A few weeks has passed, and every time I look at the UKBA New York Office's processing times, which they seem to update each week, it goes up. When I first sent mine in, it was at 31 working days. Then, it jumped to 39. And, now it's at 41.

My question is, should I go by the current processing times they have posted online? Or, should I go by the one closest to the date I submitted my application?


----------



## liam85 (May 24, 2012)

Thats a good question, but I think its one which no-one knows. 

I am in the same boat as you, got told 5 weeks when my fiancee handed her app in, latest stats on the ukba website say 2-3months! Don't know which one to believe, we are just coming up to 5 weeks now with nothing heard


----------



## Goetzy (Jan 30, 2012)

liam85 said:


> Thats a good question, but I think its one which no-one knows.
> 
> I am in the same boat as you, got told 5 weeks when my fiancee handed her app in, latest stats on the ukba website say 2-3months! Don't know which one to believe, we are just coming up to 5 weeks now with nothing heard


It's a tough boat to be in. It's the uncertainty that's the worst. Anyway, I appreciate the reply. Just knowing I'm not the only one is comforting!


----------



## oneonefourone (Sep 5, 2012)

Goetzy said:


> It's a tough boat to be in. It's the uncertainty that's the worst. Anyway, I appreciate the reply. Just knowing I'm not the only one is comforting!


My documents were received in NY on August 7. Wait times were something like 20 days, so it didn't seem worth it to pay for processing in 15. I'm on day 30 and website now says 41 days average. The email said 98% were processed in 6 weeks. Well, it's 6 weeks tomorrow and I haven't even been told an officer is looking at it.

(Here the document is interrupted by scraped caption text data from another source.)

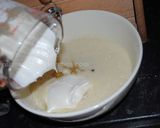 A picture of step 4 of Cherry cake.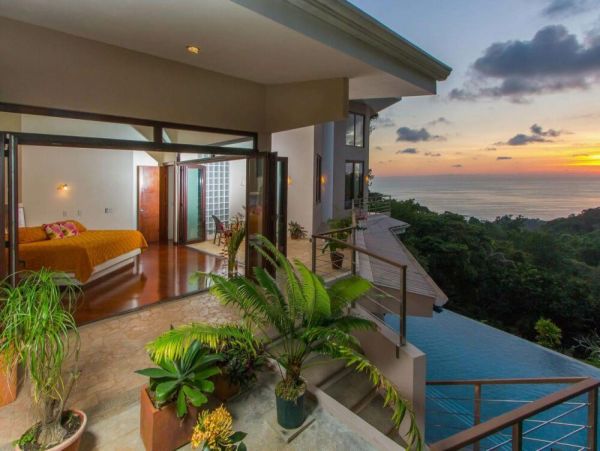 Luxury 3 Bedroom Villa in Escalares with Ocean Views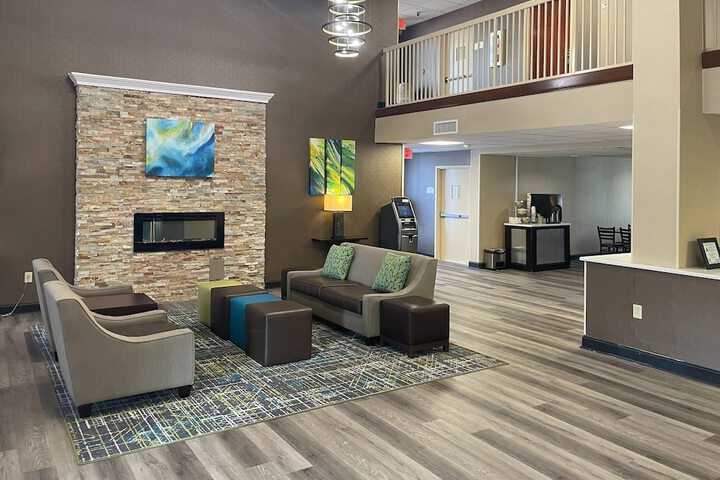 Quality Inn & Suites Lexington South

Despite being this close, I broke down and paid for priority on Monday (17th). Based on the comments on this forum, I don't believe I'd hear in 41 days and the times keep going up by a few days every week. For $340 (after tax) I have the peace of mind that it is actually going to be looked at in the next three weeks. Here's hoping it is!!!


----------



## Goetzy (Jan 30, 2012)

oneonefourone said:


> My documents were received in NY on August 7. Wait times were something like 20 days, so it didn't seem worth it to pay for processing in 15. I'm on day 30 and website now says 41 days average. The email said 98% were processed in 6 weeks. Well, it's 6 weeks tomorrow and I haven't even been told an officer is looking at it.
> 
> Despite being this close, I broke down and paid for priority on Monday (17th). Based on the comments on this forum, I don't believe I'd hear in 41 days and the times keep going up by a few days every week. For $340 (after tax) I have the peace of mind that it is actually going to be looked at in the next three weeks. Here's hoping it is!!!


I didn't know that you could pay for priority processing after handing in the application? How did you do that?


----------



## oneonefourone (Sep 5, 2012)

Goetzy said:


> I didn't know that you could pay for priority processing after handing in the application? How did you do that?

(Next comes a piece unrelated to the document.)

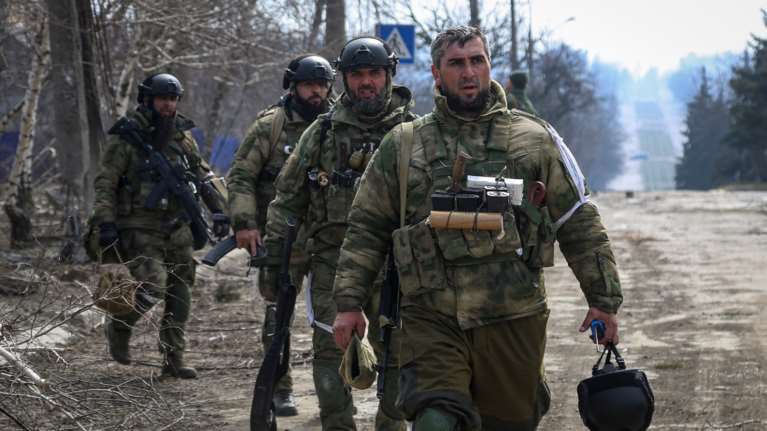 Πόλεμος στην Ουκρανία: Δεκάδες Τσετσένοι σκοτώθηκαν στη Χερσώνα, λέει το Κίεβο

I asked on this wonderful forum (it's so nice to know others out there are also going crazy..) and was told I could retro-actively pay for priority. I contacted Worldbridge to be sure and this is what they said:

If you would like to expedite the processing of you application after submitting your documents, please take the following procedure;

Please provide a signed letter requesting the expedited service (one letter for each applicant), including the following information:

• Your full name and date of birth as it appears on the application;

• GWF number (received by applicant upon completion of the online application form);

• Transaction ID number (received by e-mail after online payment has been made).

• The Settlement Priority Service payment receipt

You may send that information by e-mail:

E-mail: [email protected] – Make sure you write “Settlement Priority Service Request” on the subject line.

In order to obtain information about how to apply for a Settlement Priority Service , please access the website www.visainfoservices.com choose the country from where you are applying (CANADA) and then click on the link “Additional services”.



You need to go onto the Other Services section of Worldbridge and select priority to pay.

I've already had an email confirming they received payment and have added me to the priority queue. It's almost silly... I would possibly have heard around the same time anyway in the first-second week of October, but I really need to have that as more of a guarantee so I can make plans. My apartment here is gone for Nov 1... Eep.

I also would have paid originally, but on the NY UKBA site it says priority is only available to American residents. I think they should correct this, considering for all intents and purposes our Canadian applications are considered to be handled by UKBA NY...


----------



## oneonefourone (Sep 5, 2012)

I'd definitely recommend you go for the priority service.

I just stumbled on this, and it amused me... There's a facebook page run by someone at the UKBA. The admin seems to have been on holiday or overwhelmed from mid-July to late August if you look at the account posting history. They have a history of updating when general applications go around 12-13 days stating they have a "high volume". Yet settlement applications going from 19 to 41 days in the span of a month and a half bears no mention... 

At any rate, it's another source of timeline info, though most of the recent activity is around tier 4's. 

https://www.facebook.com/ukba.in.the.usa


----------



## kzaki (Oct 5, 2011)

Where do they show current processing times? The only page I've found is the one that shows the last months stats.


----------



## Joppa (Sep 7, 2009)

UK Border Agency news and updates


----------



## kzaki (Oct 5, 2011)

Thanks!

Edit: probably should have just hit the thanks button. :-/


----------